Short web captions
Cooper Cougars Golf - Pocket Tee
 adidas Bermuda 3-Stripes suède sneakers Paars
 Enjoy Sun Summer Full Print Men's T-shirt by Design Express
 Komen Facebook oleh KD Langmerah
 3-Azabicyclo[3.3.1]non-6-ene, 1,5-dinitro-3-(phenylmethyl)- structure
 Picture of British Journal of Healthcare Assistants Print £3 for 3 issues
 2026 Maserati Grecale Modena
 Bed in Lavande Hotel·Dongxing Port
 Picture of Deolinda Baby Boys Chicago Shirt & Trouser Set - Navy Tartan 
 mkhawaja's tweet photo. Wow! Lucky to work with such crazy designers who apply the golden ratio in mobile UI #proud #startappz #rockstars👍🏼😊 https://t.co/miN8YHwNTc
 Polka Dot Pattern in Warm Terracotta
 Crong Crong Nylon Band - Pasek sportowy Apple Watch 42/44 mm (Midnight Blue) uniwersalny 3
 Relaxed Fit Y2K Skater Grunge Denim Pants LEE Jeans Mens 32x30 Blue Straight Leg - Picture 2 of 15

Description of the task: Give an exact copy of the lines from the one with "Bed in Lavande Hotel·Dongxing Port" through the end of the entries, both ends included.

Solution:
 Bed in Lavande Hotel·Dongxing Port
 Picture of Deolinda Baby Boys Chicago Shirt & Trouser Set - Navy Tartan 
 mkhawaja's tweet photo. Wow! Lucky to work with such crazy designers who apply the golden ratio in mobile UI #proud #startappz #rockstars👍🏼😊 https://t.co/miN8YHwNTc
 Polka Dot Pattern in Warm Terracotta
 Crong Crong Nylon Band - Pasek sportowy Apple Watch 42/44 mm (Midnight Blue) uniwersalny 3
 Relaxed Fit Y2K Skater Grunge Denim Pants LEE Jeans Mens 32x30 Blue Straight Leg - Picture 2 of 15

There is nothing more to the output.